Thanks, good Pilgrim, for your information
concerning the companion of my childhood.
---Maidens,'' she said, ``draw near---offer the sleeping
cup to this holy man, whom I will no longer
detain from repose.''
One of the maidens presented a silver cup, containing
a rich mixture of wine and spice, which
Rowena barely put to her lips. It was then offered
to the Palmer, who, after a low obeisance, tasted
a few drops.
``Accept this alms, friend,'' continued the lady,
offering a piece of gold, ``in acknowledgment of
thy painful travail, and of the shrines thou hast
visited.''
The Palmer received the boon with another low
reverence, and followed Edwina out of the apartment.
In the anteroom he found his attendant Anwold,
who, taking the torch from the hand of the waiting-maid,
conducted him with more haste than ceremony
to an exterior and ignoble part of the building,
where a number of small apartments, or rather
cells, served for sleeping places to the lower order
of domestics, and to strangers of mean degree.
``In which of these sleeps the Jew?'' said the
Pilgrim.
``The unbelieving dog,'' answered Anwold,
kennels in the cell next your holiness.---St Dunstan,
how it must be scraped and cleansed ere it be
again fit for a Christian!''
``And where sleeps Gurth the swineherd?'' said
the stranger.
``Gurth,'' replied the bondsman, ``sleeps in the
cell on your right, as the Jew on that to your left;
you serve to keep the child of circumcision separate
from the abomination of his tribe. You might have
occupied a more honourable place had you accepted
of Oswald's invitation.''
``It is as well as it is,'' said the Palmer; ``the
company, even of a Jew, can hardly spread contamination
through an oaken partition.''
So saying, he entered the cabin allotted to him,
and taking the torch from the domestic's hand,
thanked him, and wished him good-night. Having
shut the door of his cell, he placed the torch in a
candlestick made of wood, and looked around his
sleeping apartment, the furniture of which was of
the most simple kind. It consisted of a rude wooden
stool, and still ruder hutch or bed-frame, stuffed
with clean straw, and accommodated with two or
three sheepskins by way of bed-clothes.
The Palmer, having extinguished his torch, threw
himself, without taking off any part of his clothes,
on this rude couch, and slept, or at least retained
his recumbent posture, till the earliest sunbeams
found their way through the little grated window,
which served at once to admit both air and light
to his uncomfortable cell. He then started up, and
after repeating his matins, and adjusting his dress,
he left it, and entered that of Isaac the Jew, lifting
the latch as gently as he could.
The inmate was lying in troubled slumber upon
a couch similar to that on which the Palmer himself
had passed the night.

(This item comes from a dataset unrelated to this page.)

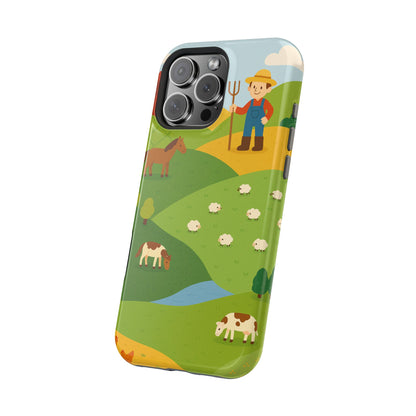 Farm-Themed Impact-Resistant MagSafe Phone Case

Such parts of his dress
as the Jew had laid aside on the preceding evening,
were disposed carefully around his person, as
if to prevent the hazard of their being carried off
during his slumbers. There was a trouble on his
brow amounting almost to agony. His hands and
arms moved convulsively, as if struggling with the
nightmare; and besides several ejaculations in Hebrew,
the following were distinctly heard in the
Norman-English, or mixed language of the country:
``For the sake of the God of Abraham, spare
an unhappy old man! I am poor, I am penniless
---should your irons wrench my limbs asunder, I
could not gratify you!''
The Palmer awaited not the end of the Jew's
vision, but stirred him with his pilgrim's staff. The
touch probably associated, as is usual, with some
of the apprehensions excited by his dream; for the
old man started up, his grey hair standing almost
erect upon his head, and huddling some part of his
garments about him, while he held the detached
pieces with the tenacious grasp of a falcon, he fixed
upon the Palmer his keen black eyes, expressive
of wild surprise and of bodily apprehension.

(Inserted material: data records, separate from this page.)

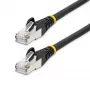 StarTech.com 10m CAT6a Ethernet kabelis - juodas - mažai dūmų, be halogenų (LSZH) - 10GbE 500MHz 100W PoE++ be užkabų RJ-45 su įtempimo mažinimo elementais S/FTP tinklo jungiamasis laidas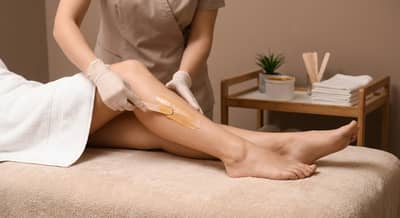 Waxing Half Leg
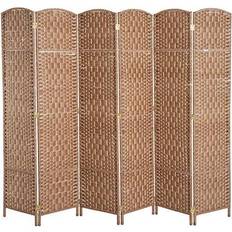 Room Dividers Homcom 6 Privacy Screen Blonde Room Divider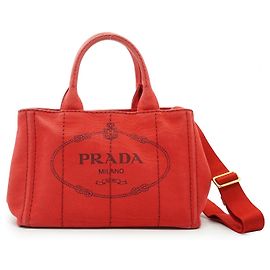 Saco Tote em tecido Prada Canapa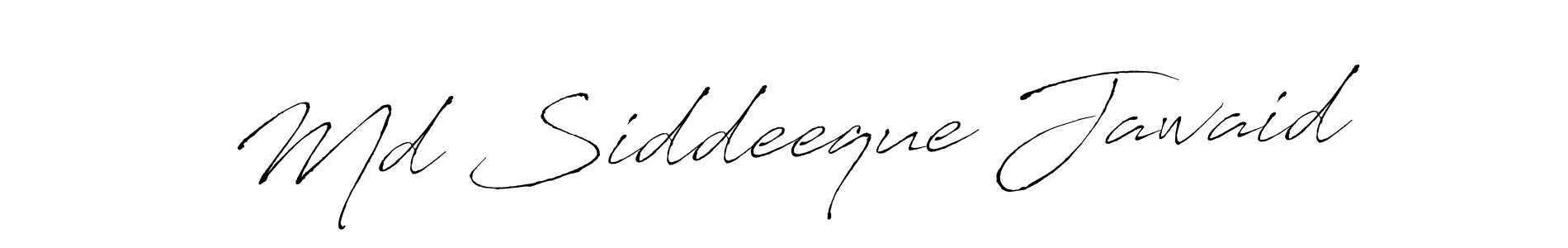 Make a beautiful signature design for name Md Siddeeque Jawaid. Use this online signature maker to create a handwritten signature for free. Md Siddeeque Jawaid signature style 6 images and pictures png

``Fear nothing from me, Isaac,'' said the Palmer,
``I come as your friend.''
``The God of Israel requite you,'' said the Jew,
greatly relieved; ``I dreamed---But Father Abraham
be praised, it was but a dream.'' Then, collecting
himself, he added in his usual tone, ``And
what may it be your pleasure to want at so early
an hour with the poor Jew?''
``It is to tell you,'' said the Palmer, ``that if
you leave not this mansion instantly, and travel
not with some haste, your journey may prove a
dangerous one.''
``Holy father!'' said the Jew, ``whom could it
interest to endanger so poor a wretch as I am?''
``The purpose you can best guess,'' said the Pilgrim;
``but rely on this, that when the Templar
crossed the hall yesternight, he spoke to his Mussulman
slaves in the Saracen language, which I well
understand, and charged them this morning to watch
the journey of the Jew, to seize upon him when at
a convenient distance from the mansion, and to conduct
him to the castle of Philip de Malvoisin, or to
that of Reginald Front-de-B
It is impossible to describe the extremity of terror
which seized upon the Jew at this information,
and seemed at once to overpower his whole faculties.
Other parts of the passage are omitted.